A faithful copy is required. Print each line of the data exactly and omit the pictures.

━━━━━ RECORDS TO USE ━━━━━

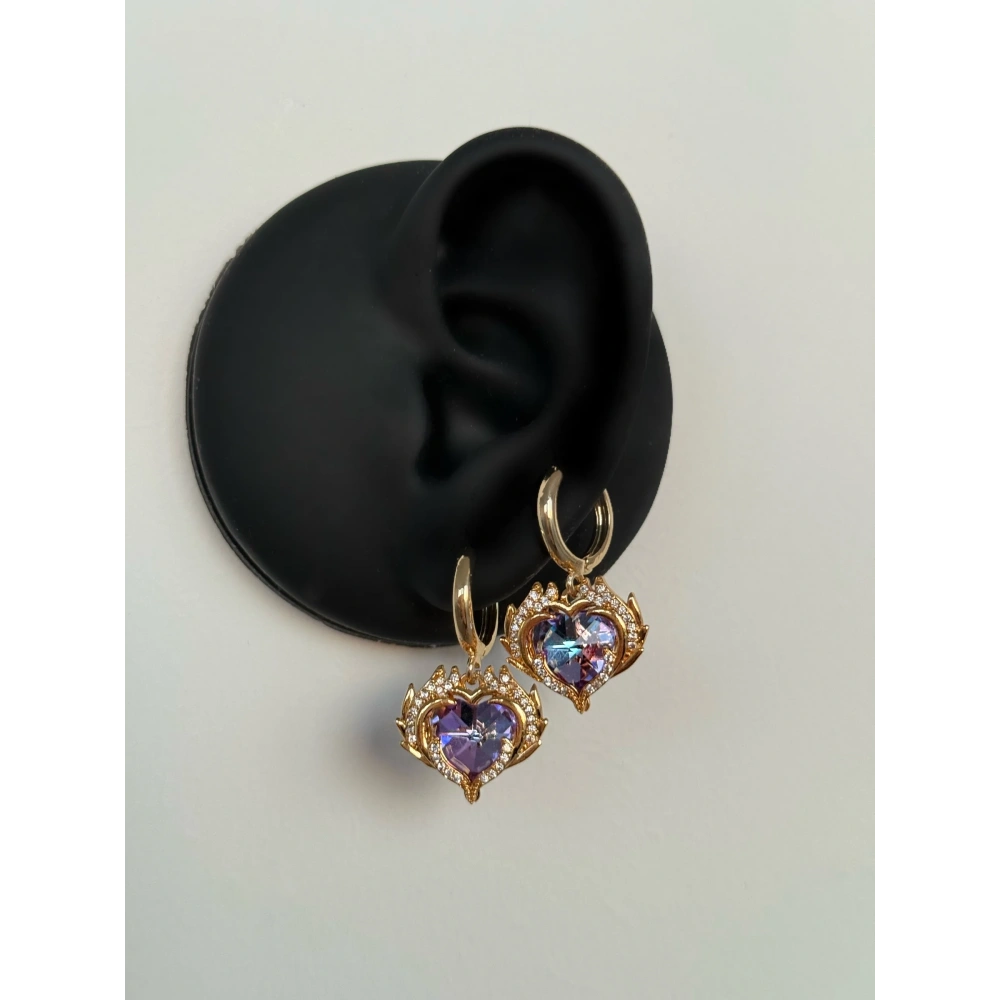 Çelik Melek Kanatlı Kalp Küpe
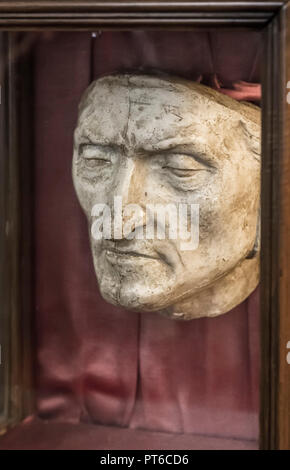 Totenmaske von Dante Alighieri in den Palazzo Vecchio. Florenz. Italien Stockfoto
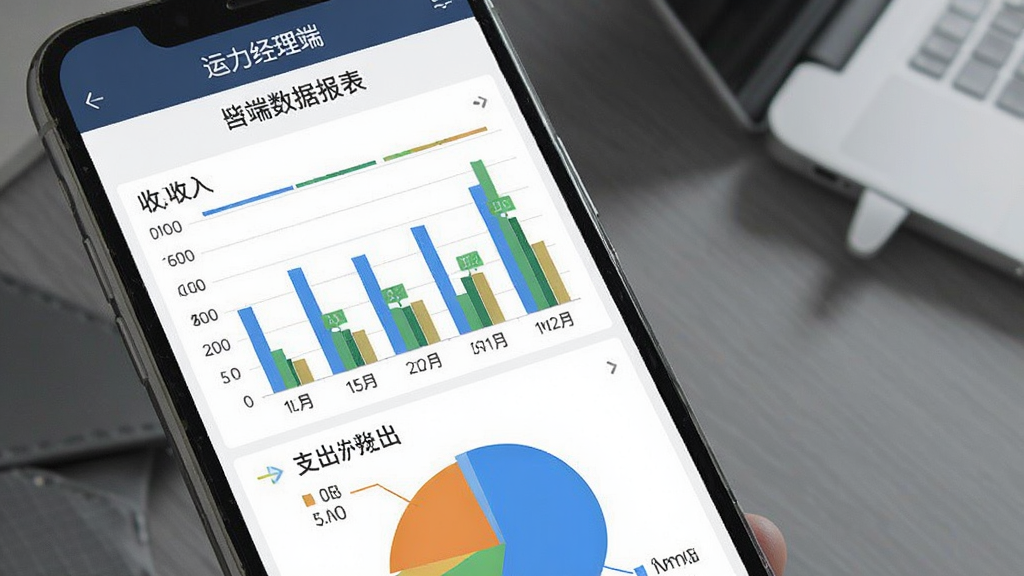 运力经理端数据报表界面,手机屏幕显示“运力经理端”文字,屏幕内容为柱状图和饼图,图表显示收入和支出数据,布局为上方标题下方图表,风格商务简洁,细节清晰,画质干净无多余元素。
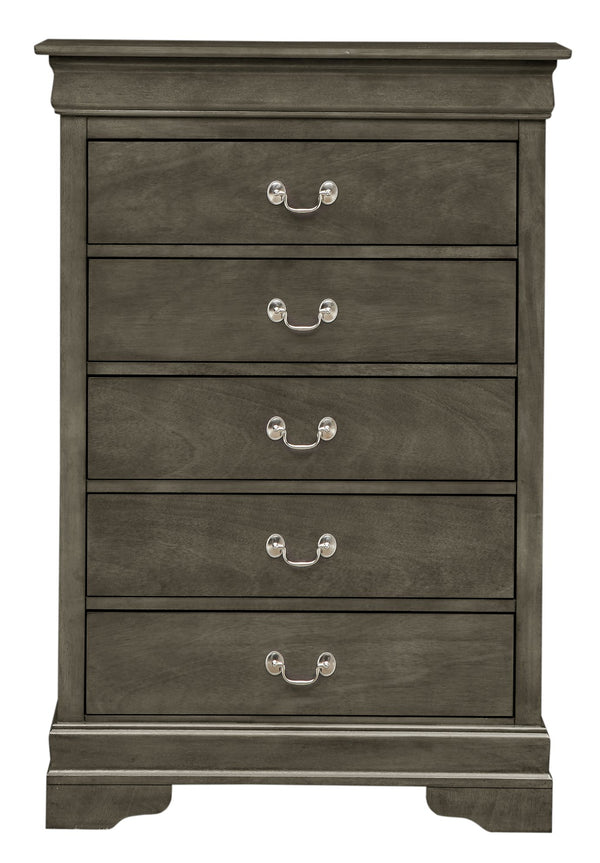 English Elm Louis Elegant 4-Drawer Chest with Carved Bases & English Dovetail Drawers, Tarnish-Resistant Hardware Gray 21 L x 36 W x 52 H B078108181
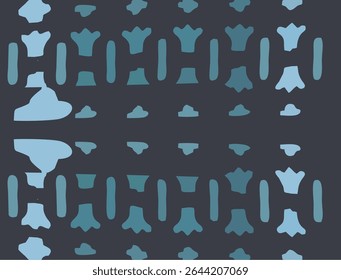 A seamless vector pattern featuring an abstract arrangement of stylized geometric shapes in shades of light blue and dark teal, set against a dark gray or charcoal background.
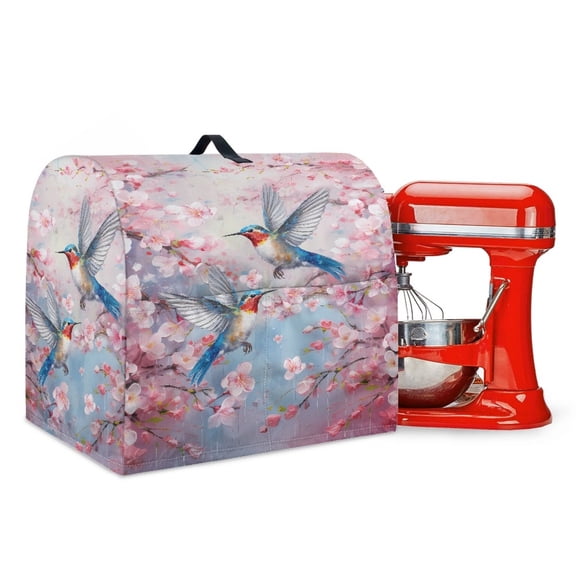 TSOVTHRID Hummingbird Cherry Blossom Print Kitchen Mixer Cover Small Appliance Covers Stain Resistant Dust Cover Kitchen Aid Mixer Assecories with Pocket for Various Kitchen Appliance Accessories,S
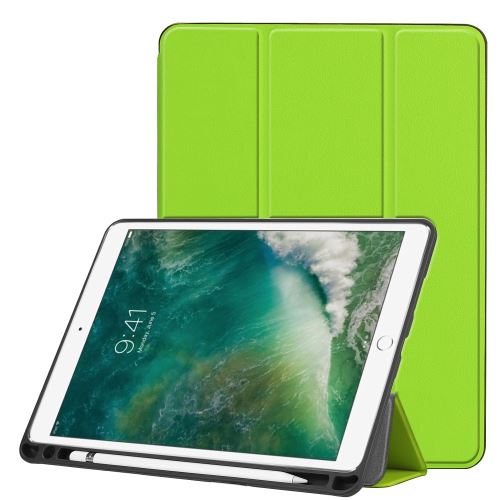 Etui en PU trépied pliable avec fente pour stylo vert pour votre Apple iPad Air 10.5 (2019)/Pro 10.5 pouces (2017)
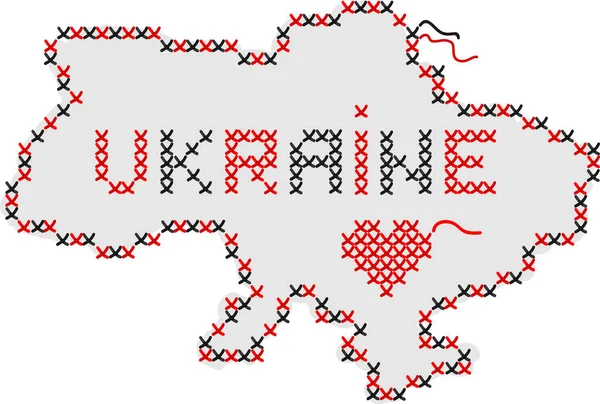 Ukrayna haritasının silueti. Kenarları nakış şeklinde. Ukrayna 'ya destek. Ukrayna 'ya barış. Ukrayna 'nın sembolü. Stok vektör illüstrasyonu.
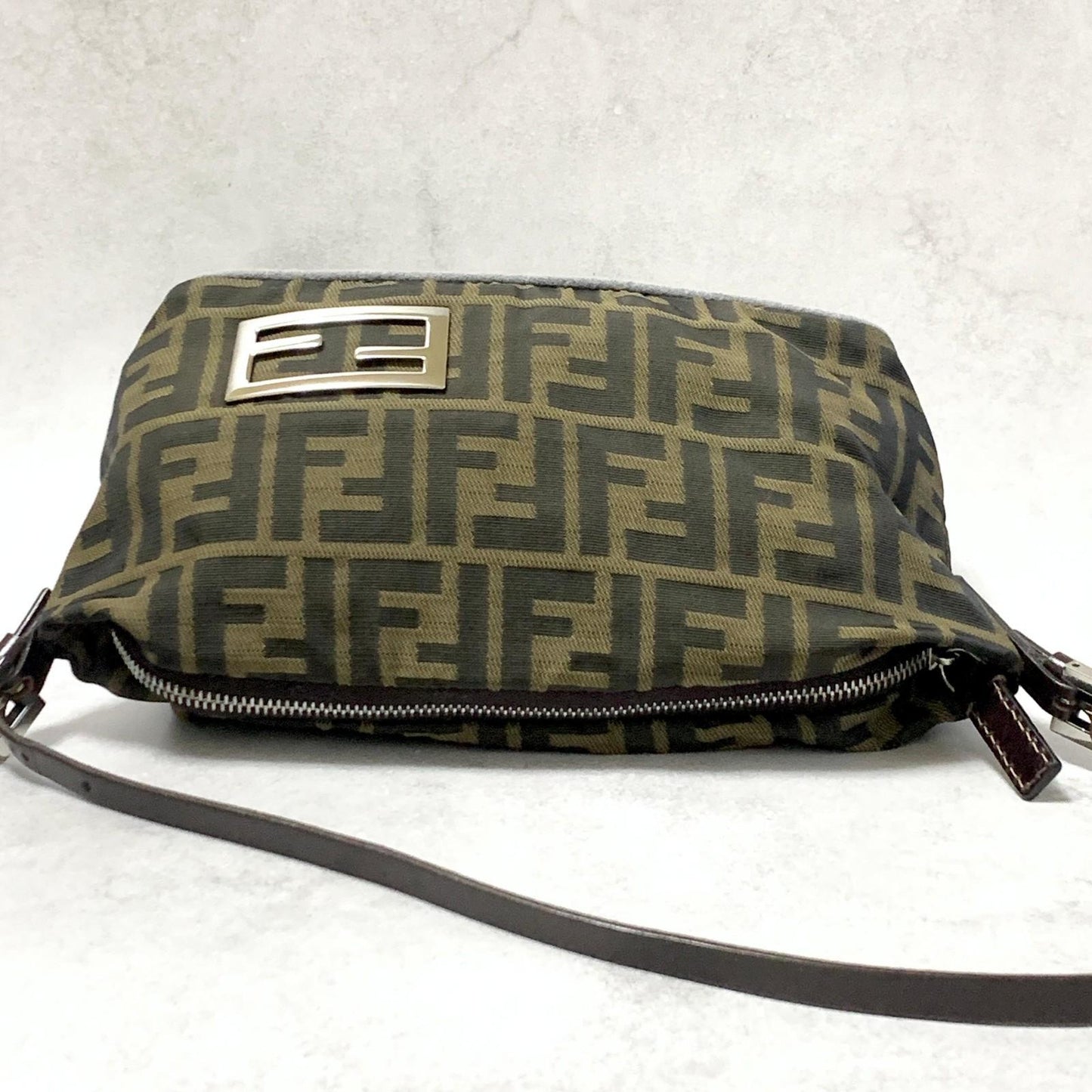 FENDI Bag FF Zucca Mamma Baguette Pouch Shoulder Purse Canvas Brown Authentic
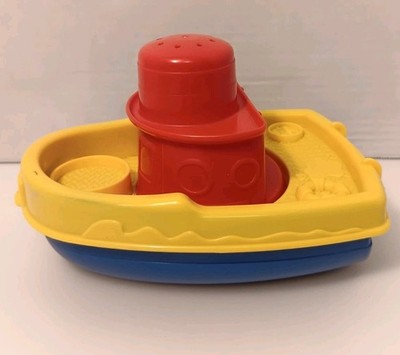 Fisher Price Little People 2011 Play 'n Float Boat Toy - Mattel Yellow Blue
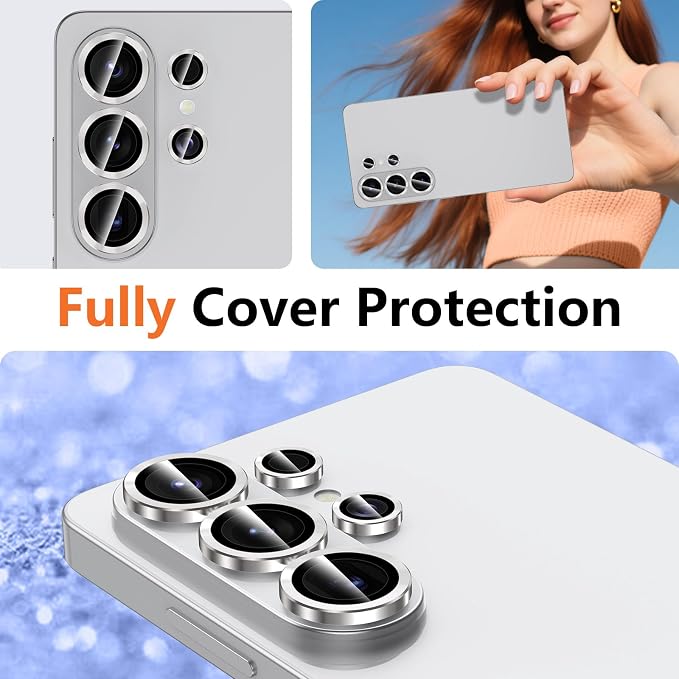 for Samsung Galaxy S26 Ultra Camera Lens Protector, Individual Metal Ring Tempered Glass Lens Cover, [Strong Adsorption] Scratch Resistant Ultra-Thin HD Clear Lens Cover, 1 Set-Gray - Image 8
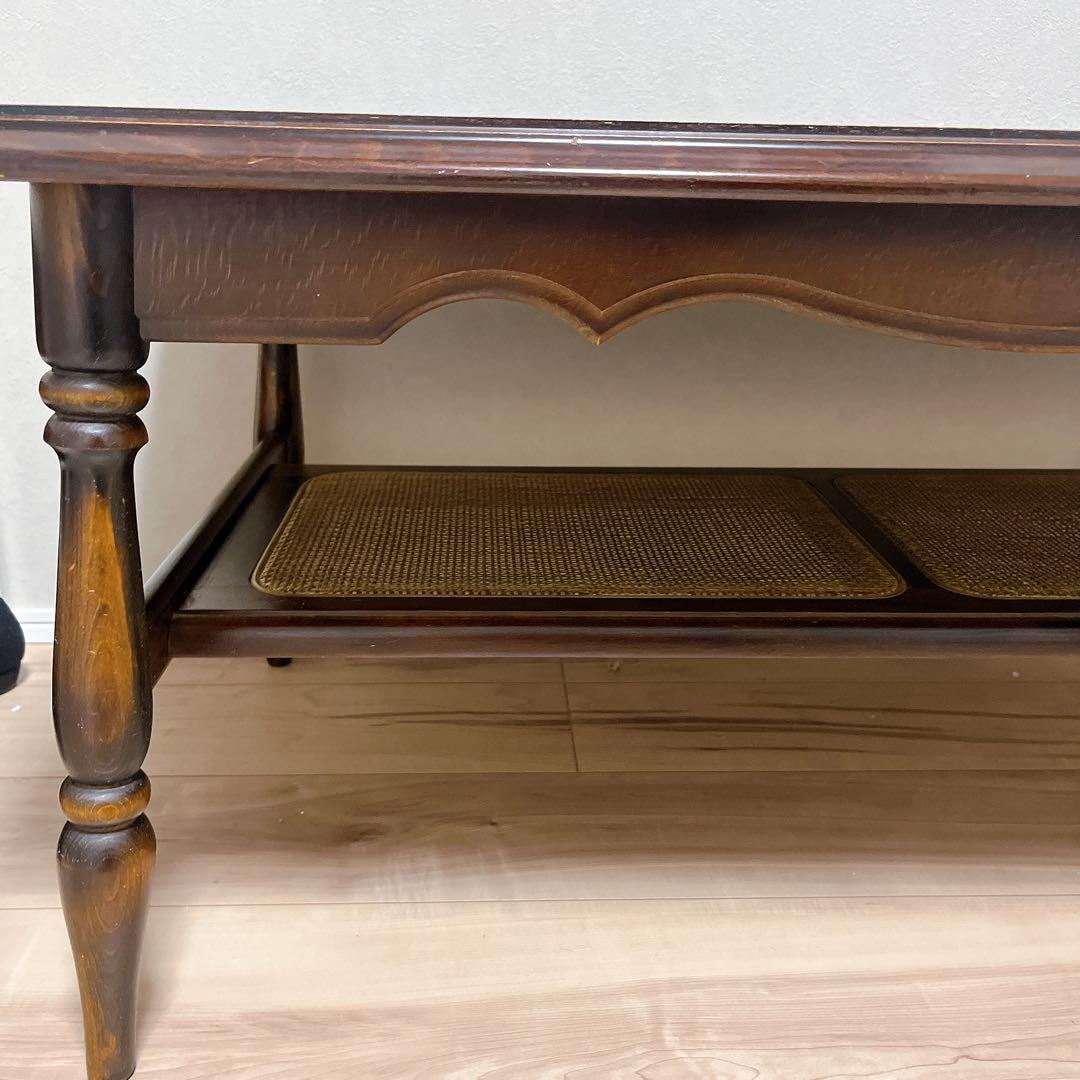 カリモク 家具 ローテーブル コロニアル ラタン張り リビング　KARIMOKU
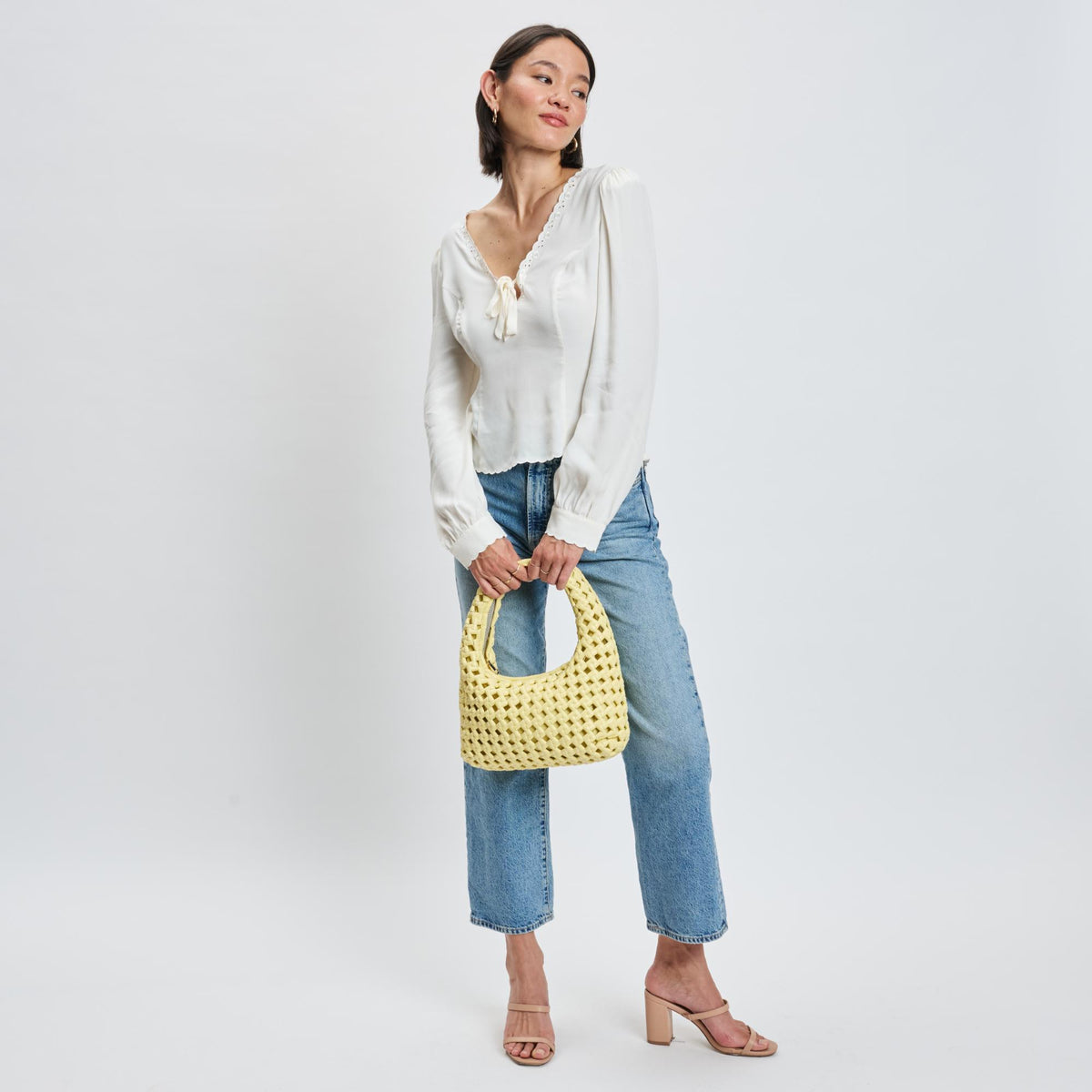 Woman wearing Butter Moda Luxe Richelle Hobo 842017137535 View 3 | Butter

━━━━━

# PROBLEM SOLUTION
 Çelik Melek Kanatlı Kalp Küpe
 Totenmaske von Dante Alighieri in den Palazzo Vecchio. Florenz. Italien Stockfoto
 运力经理端数据报表界面,手机屏幕显示“运力经理端”文字,屏幕内容为柱状图和饼图,图表显示收入和支出数据,布局为上方标题下方图表,风格商务简洁,细节清晰,画质干净无多余元素。
 English Elm Louis Elegant 4-Drawer Chest with Carved Bases & English Dovetail Drawers, Tarnish-Resistant Hardware Gray 21 L x 36 W x 52 H B078108181
 A seamless vector pattern featuring an abstract arrangement of stylized geometric shapes in shades of light blue and dark teal, set against a dark gray or charcoal background.
 TSOVTHRID Hummingbird Cherry Blossom Print Kitchen Mixer Cover Small Appliance Covers Stain Resistant Dust Cover Kitchen Aid Mixer Assecories with Pocket for Various Kitchen Appliance Accessories,S
 Etui en PU trépied pliable avec fente pour stylo vert pour votre Apple iPad Air 10.5 (2019)/Pro 10.5 pouces (2017)
 Ukrayna haritasının silueti. Kenarları nakış şeklinde. Ukrayna 'ya destek. Ukrayna 'ya barış. Ukrayna 'nın sembolü. Stok vektör illüstrasyonu.
 FENDI Bag FF Zucca Mamma Baguette Pouch Shoulder Purse Canvas Brown Authentic
 Fisher Price Little People 2011 Play 'n Float Boat Toy - Mattel Yellow Blue
 for Samsung Galaxy S26 Ultra Camera Lens Protector, Individual Metal Ring Tempered Glass Lens Cover, [Strong Adsorption] Scratch Resistant Ultra-Thin HD Clear Lens Cover, 1 Set-Gray - Image 8
 カリモク 家具 ローテーブル コロニアル ラタン張り リビング　KARIMOKU
 Woman wearing Butter Moda Luxe Richelle Hobo 842017137535 View 3 | Butter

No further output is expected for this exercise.